4 de octubre de 2008

El poder de la palabra

Érase un monje tan santo y tan sabio, dicen, que después de toda una vida de estudio y meditación no había dicho nunca ni una sola palabra. Todos los novicios del monasterio respetaban y reverenciaban su sabiduría, pero al cumplir los ochenta y cinco años y declinar su salud se decidieron a pedirle que hablara, por fin.
- Explícanos, antes de morir, lo que en estos años habéis aprendido y contemplado. No os vayáis sin dejarnos algo..., algo como una pista que nos ayude en nuestro estudio y nos oriente en la contemplación.
El anciano les respondió con una sonrisa, pero siguió callado.
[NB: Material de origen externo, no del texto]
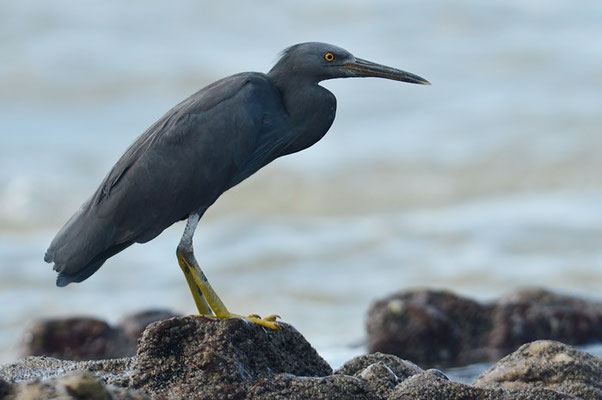 RIFFREIHER, PACIFIC REEF EGRET, EGRETTA SACRA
A medida que su salud se debilitaba la impaciencia cundía entre los novicios. Y creció al punto que, ya en el lecho de muerte comenzaron a gritarle, a zarandearle incluso, para conseguir que soltara aunque fuera una pizca de su tesoro espiritual.
- ¡No seáis egoísta y cruel! No os llevéis todo aquello que habéis acumulado y que puede servirnos como luz y guía.
Pero el anciano seguía silencioso, imperturbable entre los jóvenes que empezaban ya a maltratarlo. Y fue sólo en el momento de exhalar el último suspiro cuando dijo una palabra, su única palabra:
¡Fuego!
Y el monasterio empezó a arder.
Esta es la eficacia, pienso, que tendría la palabra, cualquier palabra, en la que pusiéramos toda la intensidad que a lo largo de la vida hemos ido dilapidando en las mil y una tonterías que decimos y repetimos sin parar, sin pensar. Una palabra, que si fuera “agua” inundaría, que si fuera “paz” acallaría los cañones, que si fuera “primavera” abriría todas las flores, que si fuera “frío” congelaría el mundo entero.

1 comentario:

Malena dijo...

Preciosa reflexión, ,Fede. Totalmente de acuerdo contigo.

Del libro que hablas en el anterior post, "Kafka en la orilla", tengo que reconocer que antes de llegar a la mitad, tiré la toalla. No puedo continuar. Me armaré de valor y lo retomaré con una visión diferente.